>>>>

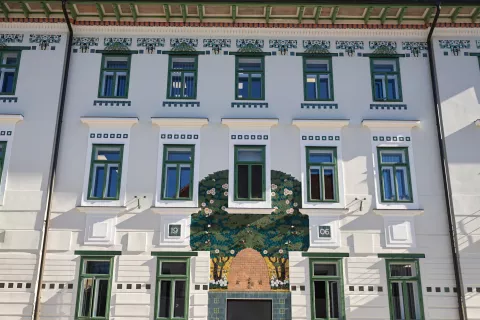Stavba Upravna enota Radovljica prenovljena delo arhitekta arhitekta Ciril Metod Koch secesijska stavba / Foto: Tina Dokl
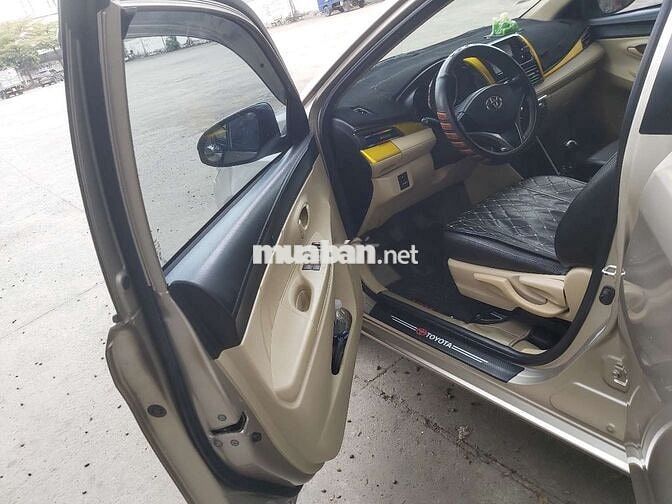 Toyota Vios màu Vàng cát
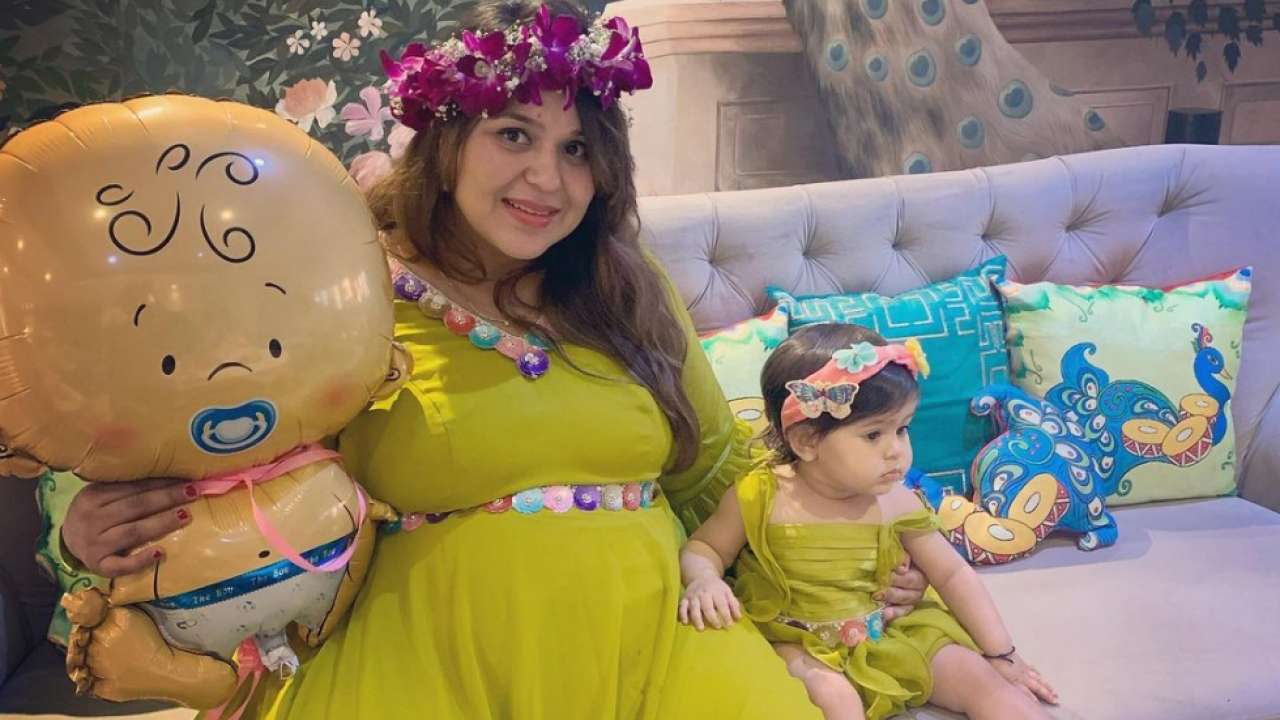 Ginni Chatrath poses with daughter Anayra Sharma at her second baby shower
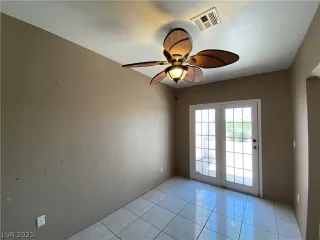 Photo #4: 2306868 Listing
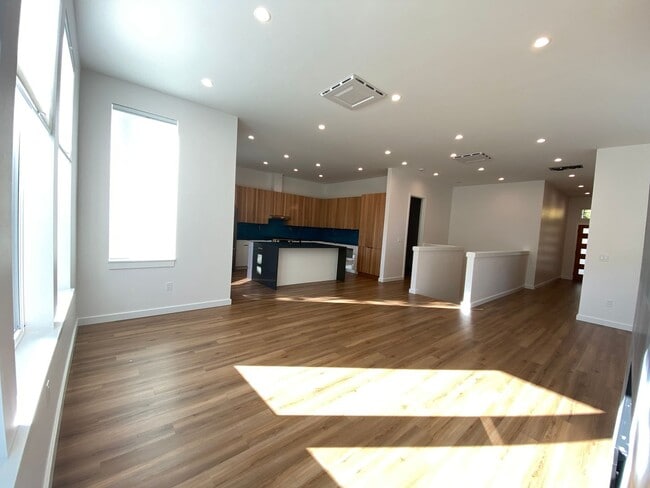 Building Photo - 3 Bedroom | 2.5 Bath Home in White Salmon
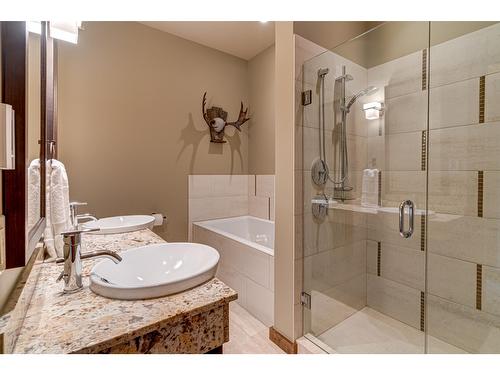 302A - 901 2Nd Avenue, Fernie, BC - Indoor Photo Showing Bathroom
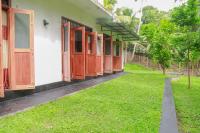 Sun See Villa Hikkaduwa - Bed and Breakfast Hikkaduwa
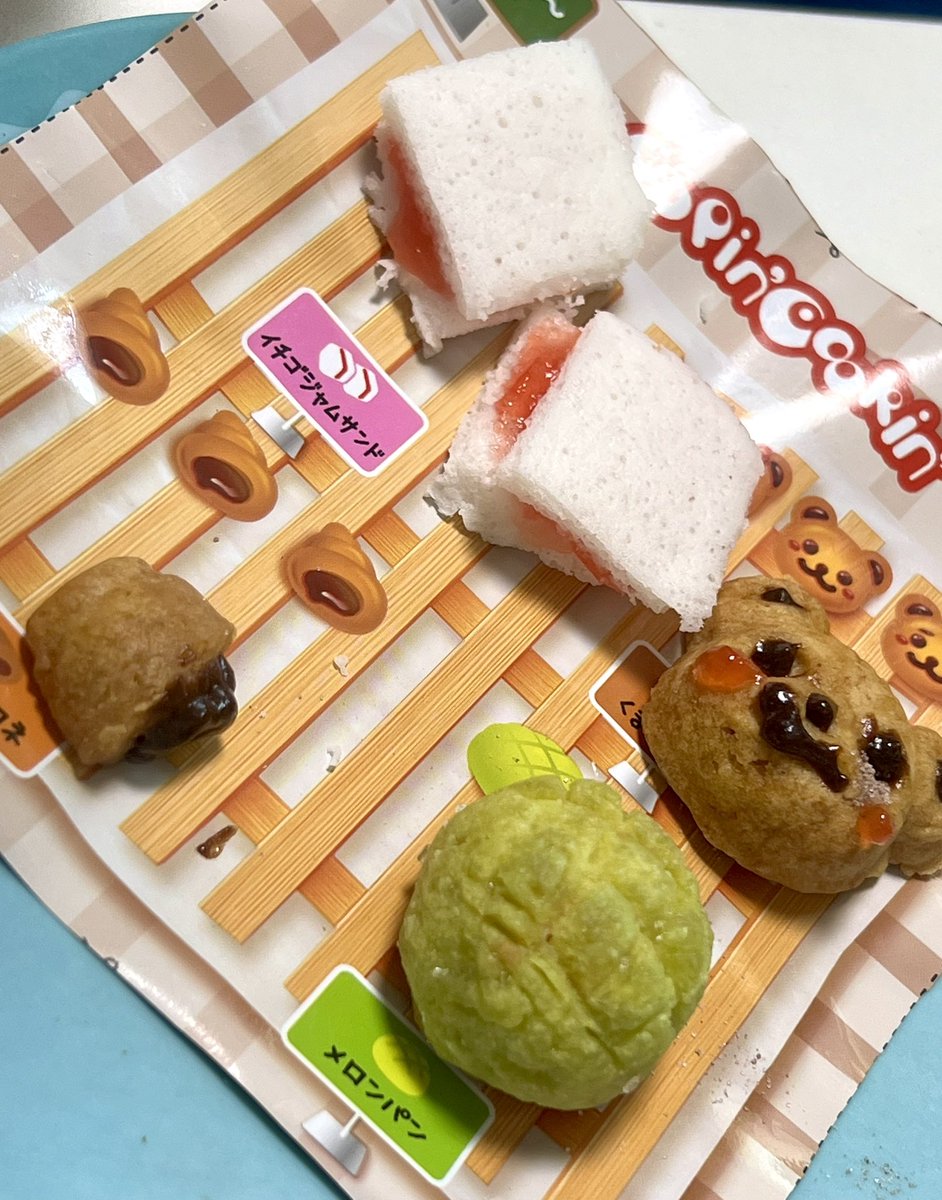 karuta_s's tweet photo. また知育菓子
今度はパン屋さん
生地系は普通に美味しい😋 https://t.co/oRBB7HnP0I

<<<<

Required work →
Pictures stay out. Everything else in the listing gets printed exactly.

Result of the exercise →
Stavba Upravna enota Radovljica prenovljena delo arhitekta arhitekta Ciril Metod Koch secesijska stavba / Foto: Tina Dokl
 Toyota Vios màu Vàng cát
 Ginni Chatrath poses with daughter Anayra Sharma at her second baby shower
 Photo #4: 2306868 Listing
 Building Photo - 3 Bedroom | 2.5 Bath Home in White Salmon
 302A - 901 2Nd Avenue, Fernie, BC - Indoor Photo Showing Bathroom
 Sun See Villa Hikkaduwa - Bed and Breakfast Hikkaduwa
 karuta_s's tweet photo. また知育菓子
今度はパン屋さん
生地系は普通に美味しい😋 https://t.co/oRBB7HnP0I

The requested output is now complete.